Recorded data
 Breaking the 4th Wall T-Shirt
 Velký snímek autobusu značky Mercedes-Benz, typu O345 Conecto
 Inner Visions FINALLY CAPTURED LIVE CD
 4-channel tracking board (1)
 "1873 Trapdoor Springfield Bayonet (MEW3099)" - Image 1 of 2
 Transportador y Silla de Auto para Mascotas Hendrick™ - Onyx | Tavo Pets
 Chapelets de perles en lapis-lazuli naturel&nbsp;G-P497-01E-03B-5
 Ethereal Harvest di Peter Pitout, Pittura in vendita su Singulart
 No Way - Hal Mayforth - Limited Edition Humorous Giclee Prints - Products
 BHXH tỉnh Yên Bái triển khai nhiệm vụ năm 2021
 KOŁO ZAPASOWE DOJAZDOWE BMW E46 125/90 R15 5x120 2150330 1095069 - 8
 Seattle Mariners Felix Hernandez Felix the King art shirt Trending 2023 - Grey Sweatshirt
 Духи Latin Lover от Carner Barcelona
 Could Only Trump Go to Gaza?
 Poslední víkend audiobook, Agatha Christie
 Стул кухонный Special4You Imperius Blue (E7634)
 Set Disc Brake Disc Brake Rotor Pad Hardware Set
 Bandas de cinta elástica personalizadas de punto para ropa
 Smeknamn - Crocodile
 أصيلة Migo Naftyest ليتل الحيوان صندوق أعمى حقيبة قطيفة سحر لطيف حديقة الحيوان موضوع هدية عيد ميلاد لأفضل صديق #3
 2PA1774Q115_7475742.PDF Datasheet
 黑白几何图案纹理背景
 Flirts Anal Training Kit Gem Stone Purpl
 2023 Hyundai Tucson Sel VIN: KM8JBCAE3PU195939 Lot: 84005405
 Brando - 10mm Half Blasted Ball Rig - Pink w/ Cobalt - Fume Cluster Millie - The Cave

__To do__. The answer must consist of every line above that contains the word "para".

__Answer box__.
 Transportador y Silla de Auto para Mascotas Hendrick™ - Onyx | Tavo Pets
 Bandas de cinta elástica personalizadas de punto para ropa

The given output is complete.